(Image-text web data)
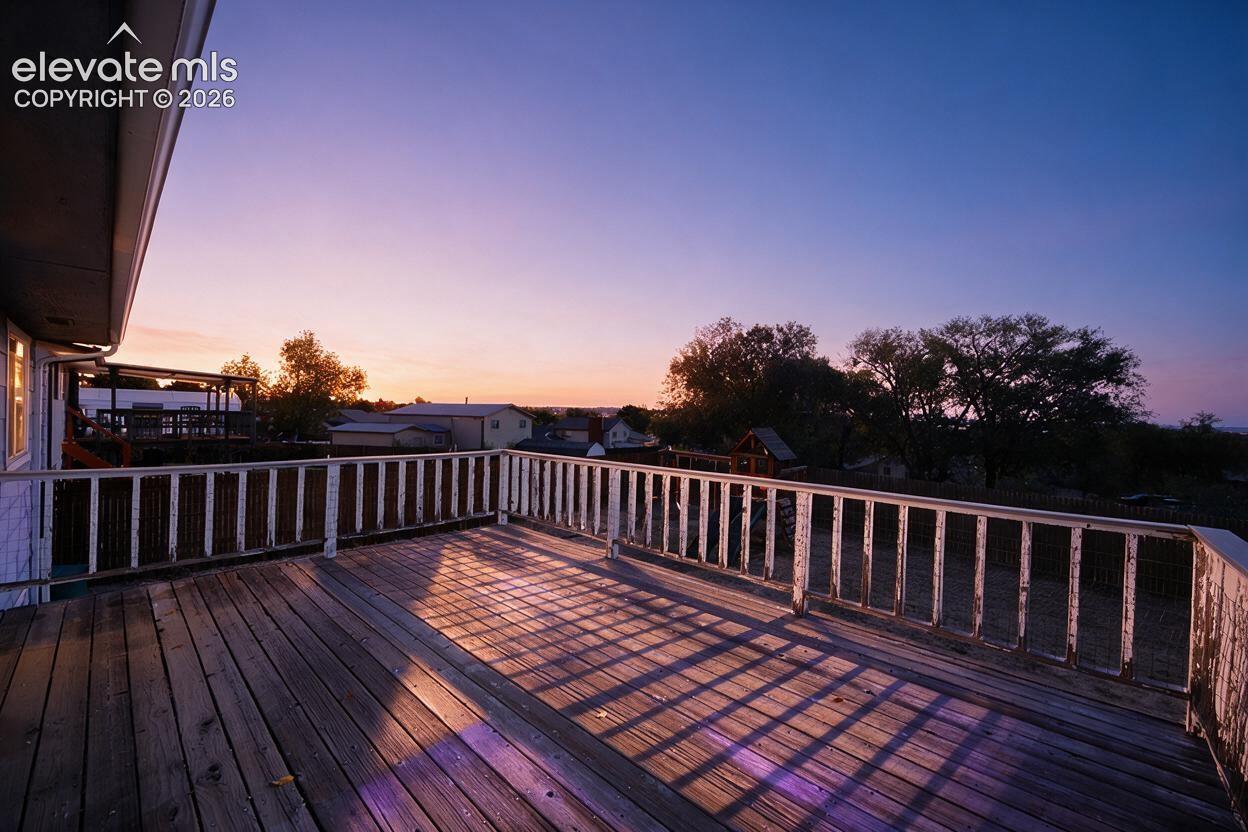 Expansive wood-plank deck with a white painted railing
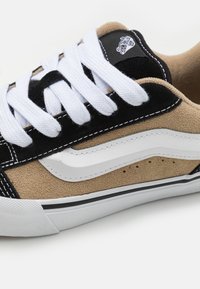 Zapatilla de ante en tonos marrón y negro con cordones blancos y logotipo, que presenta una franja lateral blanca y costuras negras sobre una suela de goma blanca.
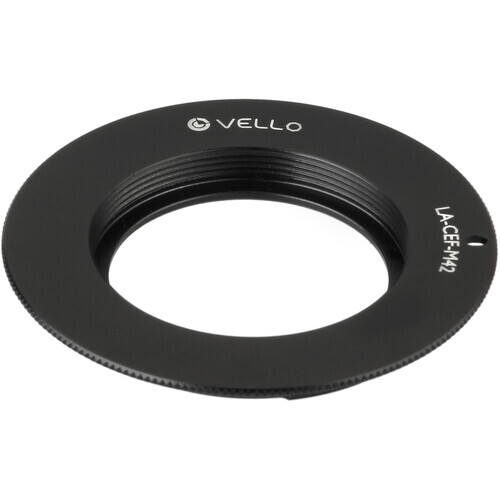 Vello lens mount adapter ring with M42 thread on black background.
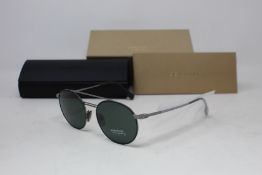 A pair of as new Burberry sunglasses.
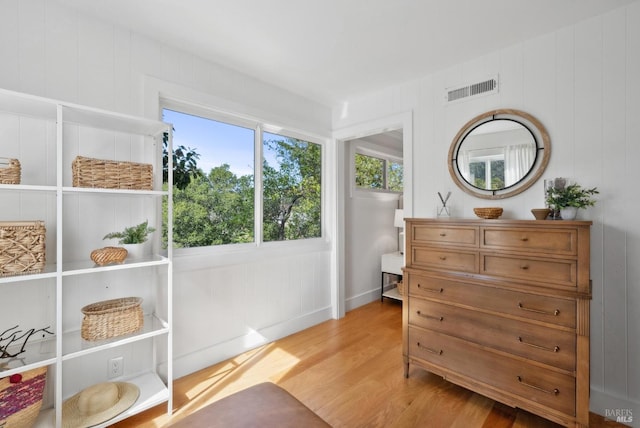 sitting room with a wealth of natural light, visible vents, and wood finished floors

ACTIVITY: Leave the images aside and return the records above exactly as written.

RESULT OF THE TASK:
 Expansive wood-plank deck with a white painted railing
 Zapatilla de ante en tonos marrón y negro con cordones blancos y logotipo, que presenta una franja lateral blanca y costuras negras sobre una suela de goma blanca.
 Vello lens mount adapter ring with M42 thread on black background.
 A pair of as new Burberry sunglasses.
 sitting room with a wealth of natural light, visible vents, and wood finished floors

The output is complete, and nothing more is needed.